2. Adjustments - Unaudited Pro Forma Condensed Consolidated Balance Sheet -
Markel/Terra Nova
The accompanying unaudited Pro Forma Condensed Consolidated Balance Sheet as of
December 31, 1999 reflects certain adjustments which are explained below and are
based on assumptions made by management. These adjustments are required to give
effect to matters directly attributable to the acquisition. The explanations of
these adjustments are as follows:
(A) To record the cash paid, debt incurred and additional equity issued to
finance the acquisition. In addition, Terra Nova's long term debt is
reduced by $12.2 million to a fair value of $162.8 million.
(B) To adjust the intangible assets to reflect the excess of cost over the
fair value of net assets acquired resulting from the acquisition.
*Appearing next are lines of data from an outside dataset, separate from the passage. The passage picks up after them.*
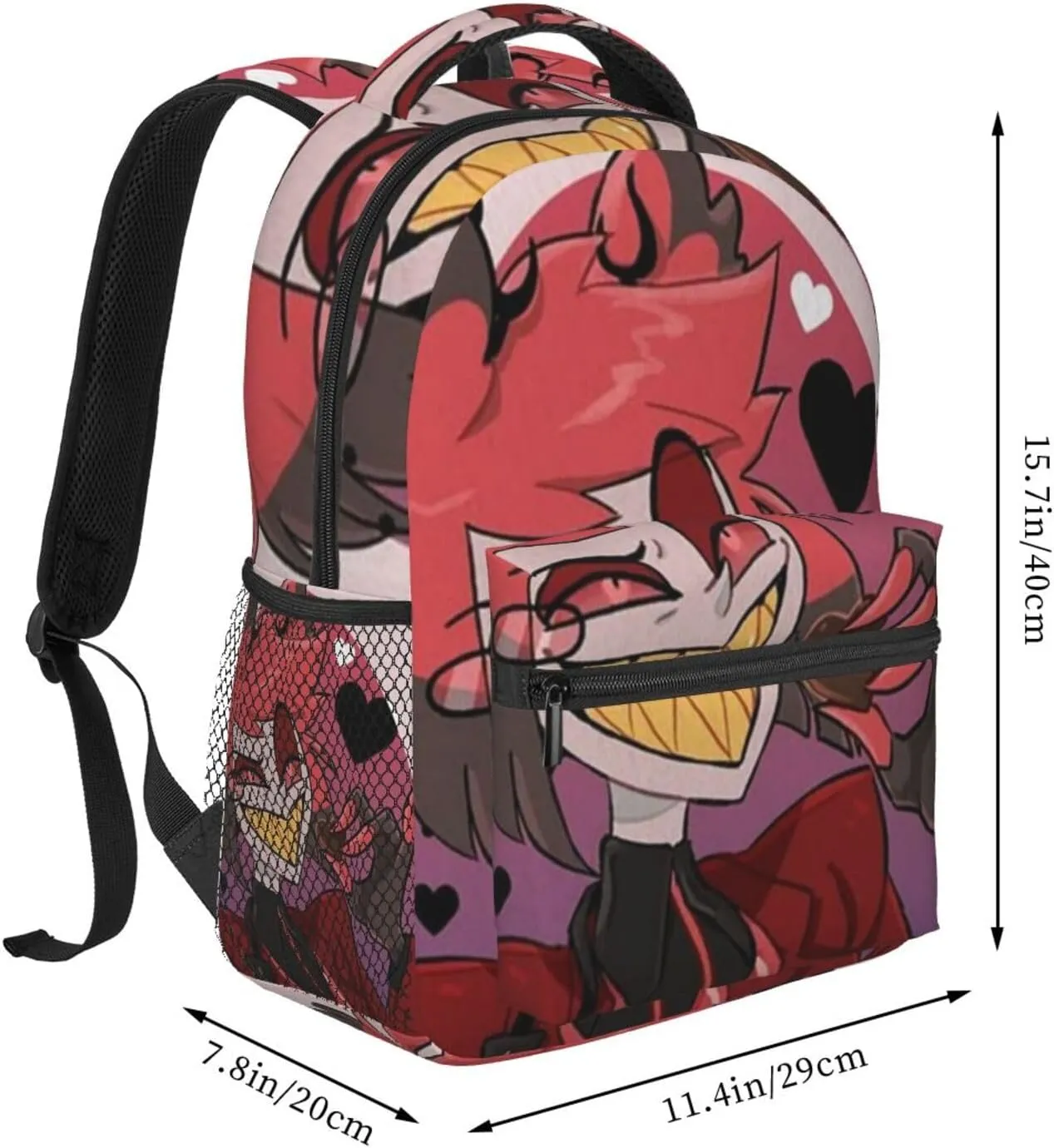 H-azbin Casual Student Backpack With Adjustable Shoulder Straps And Cushioned Back For Comfort Black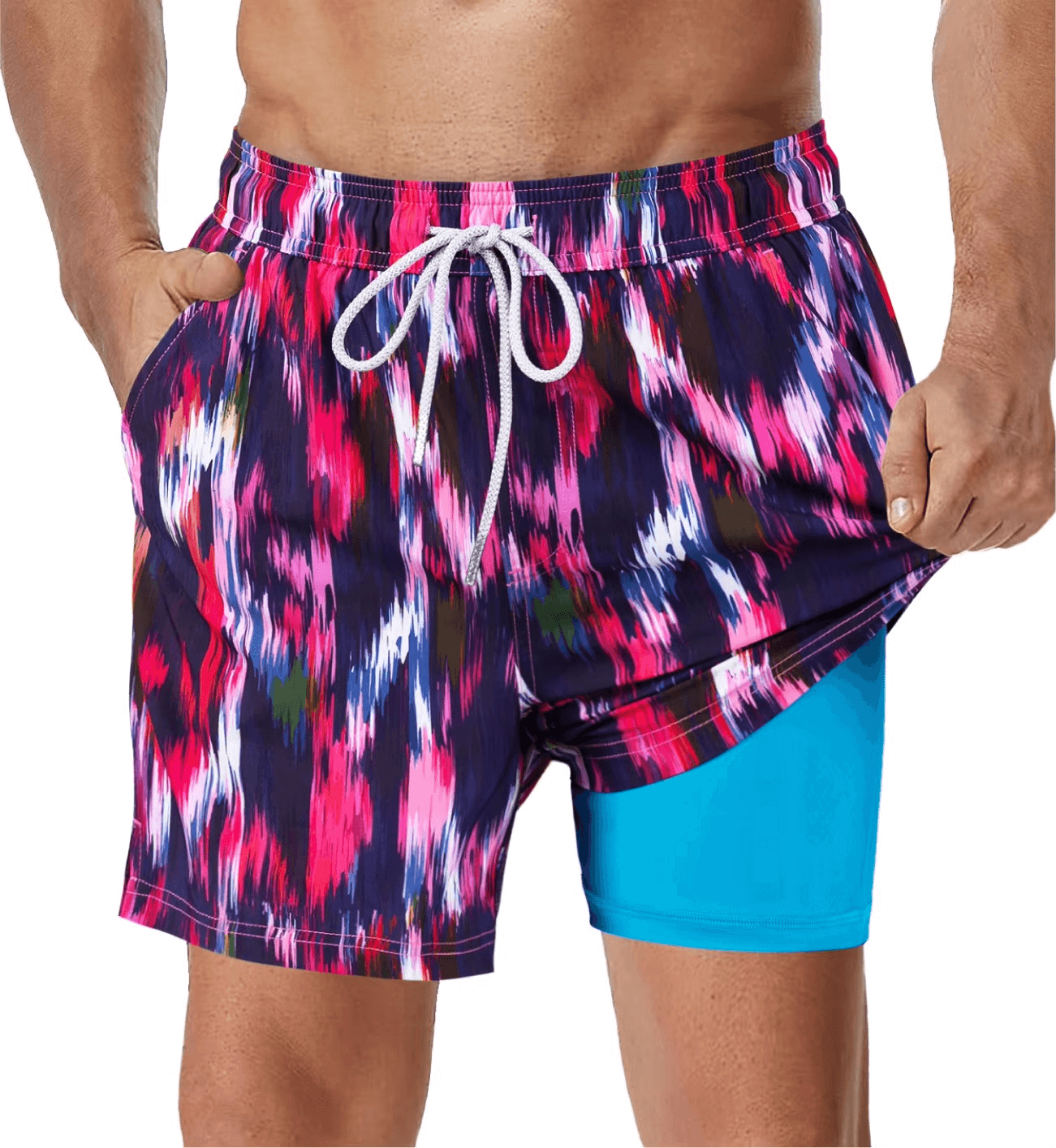 2-i-1 badeshorts for menn, stilfull og komfortabel for svømming, vannsport og sommertrening.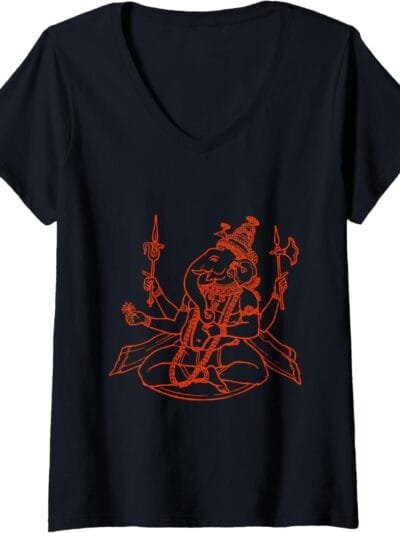 Ganapati, Ganesh, Ganeshotsav Puja V-Neck T-Shirt (USA)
(C) To accrue an obligation as specified in an employment contract. In
addition, as a result of the merger, Terra Nova's operations will be
subject to taxation in the United States. Deferred taxes have been
recorded for the United States tax liabilities.
Obligations under employment contract (1) $ 2,000
Deferred taxes (2) 3,475
--------
$ 5,475
========
(1) The $2 million accrued obligation was calculated in
accordance with the terms of an employment agreement.
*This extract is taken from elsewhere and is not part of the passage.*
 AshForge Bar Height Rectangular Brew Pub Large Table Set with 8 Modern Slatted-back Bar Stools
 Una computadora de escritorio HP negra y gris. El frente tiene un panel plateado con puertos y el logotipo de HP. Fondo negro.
(2) Deferred taxes primarily relate to Terra Nova's accumulated
earnings which have not previously been subject to U.S.
taxation and to record deferred income taxes which reflect
the net tax effect of the temporary differences between the
carrying amounts of the assets and liabilities for financial
reporting purposes and their respective U.S. tax bases.
<PAGE>
(D) To record the following:
Write off Terra Nova Debt Costs (1) (2,059)
Pension Asset (2) 14,861
-------
$12,802
=======
(1) Represents the adjustment to write off Terra Nova's
unamortized debt issuance costs which provide no economic
value to the combined entity.
(2) A pension asset is recorded for the excess of the fair value
of plan assets over projected benefit obligations. A recent
external valuation of the pension plan was used to estimate
the fair value adjustment.
(E) To record consolidating and eliminating entries.
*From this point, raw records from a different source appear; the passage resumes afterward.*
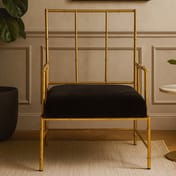 Monroe Gold and Black Velvet Accent Chair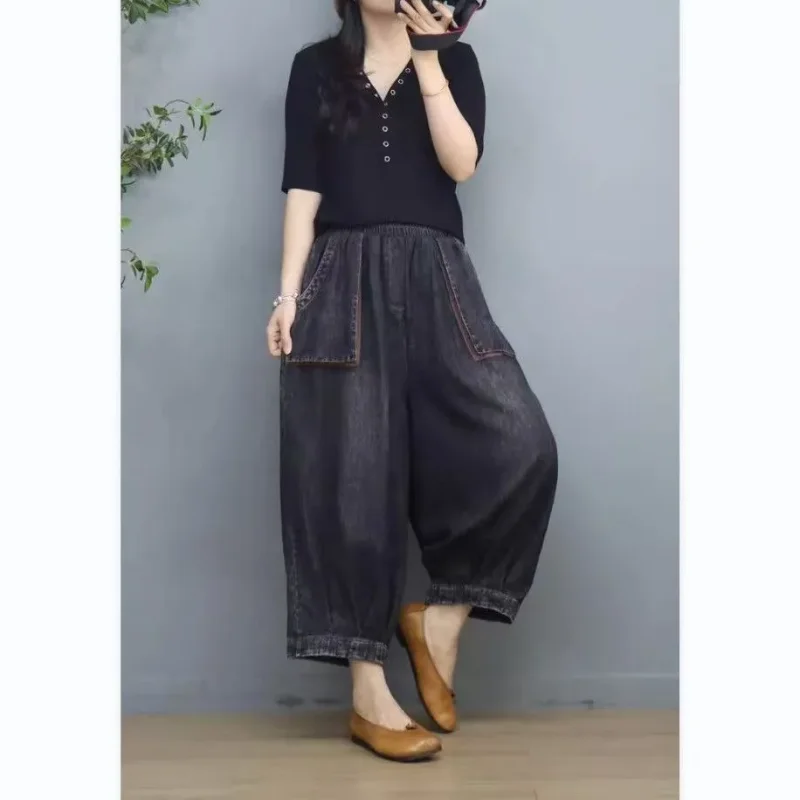 

Женские темные джинсовые мешковатые брюки, свободные брюки с эластичной резинкой на талии и манжетами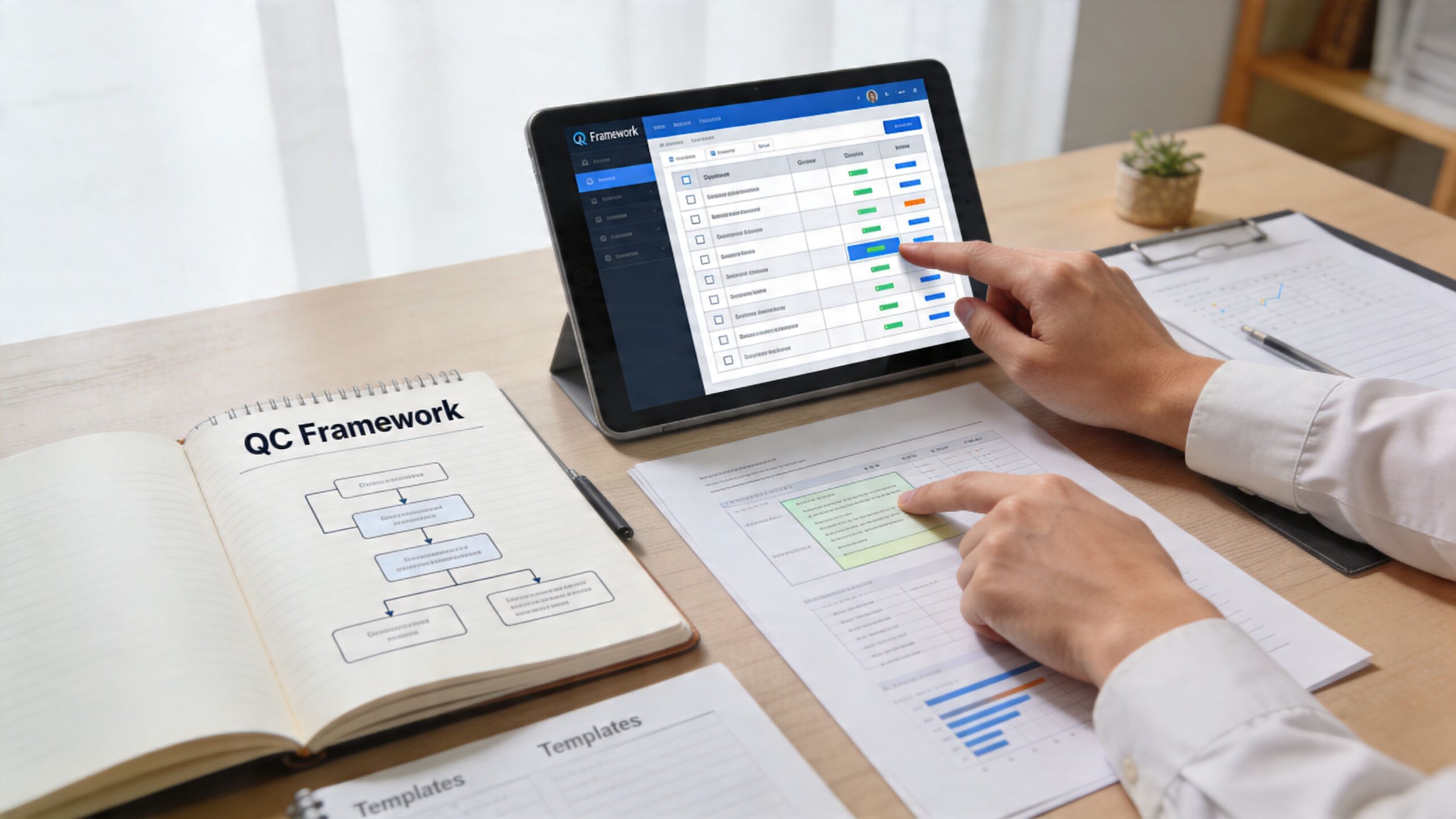 A professional analyzing quality control framework charts and digital reports on a desk with a tablet.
3. Adjustments - Unaudited Pro Forma Condensed Consolidated Statement of
Income - Markel/Terra Nova
The accompanying unaudited Pro Forma Condensed Consolidated Statement of Income
for the year ended December 31, 1999 reflect certain adjustments which are
explained below and are based on assumptions made by management. These
adjustments are required to give effect to matters directly attributable to the
acquisition. The explanations of these adjustments are as follows:
(F) Reduction in net investment income due to net cash used in funding the
transaction; the rate of return is calculated at 6%. The 6% rate of return
is based on historical average yields for the Company's investment
portfolio.
(G) Excess of cost over fair value of net assets acquired is amortized on a
straight line basis over 20 years. The estimated life of the business
acquired was determined based on the value of the Lloyd's franchise, the
investment portfolio's earning power and profitable books of business
acquired, as well as the capital requirements and other barriers to
entering the business acquired.
(H) Interest on borrowed funds under revolving lines of credit is assumed to
be 7.7% which is calculated as LIBOR plus 1.25% as specified in the credit
facility. For the year ended December 31, 1999, a change of 1/8 percent in
the interest rate would result in a change in interest expense and income
from continuing operations of $0.3 million and $0.2 million before and
after taxes, respectively. In addition, the fair value adjustment for
Terra Nova's long term debt is amortized over the remaining lives of those
debt instruments.
(I) Taxes on the reduction in net investment income and interest expense pro
forma adjustments are calculated at an assumed 35% statutory rate. In
addition, as a result of the merger, Terra Nova's operations will be
subject to taxation in the United States. Taxes have been recorded for
Terra Nova in accordance with United States tax regulations.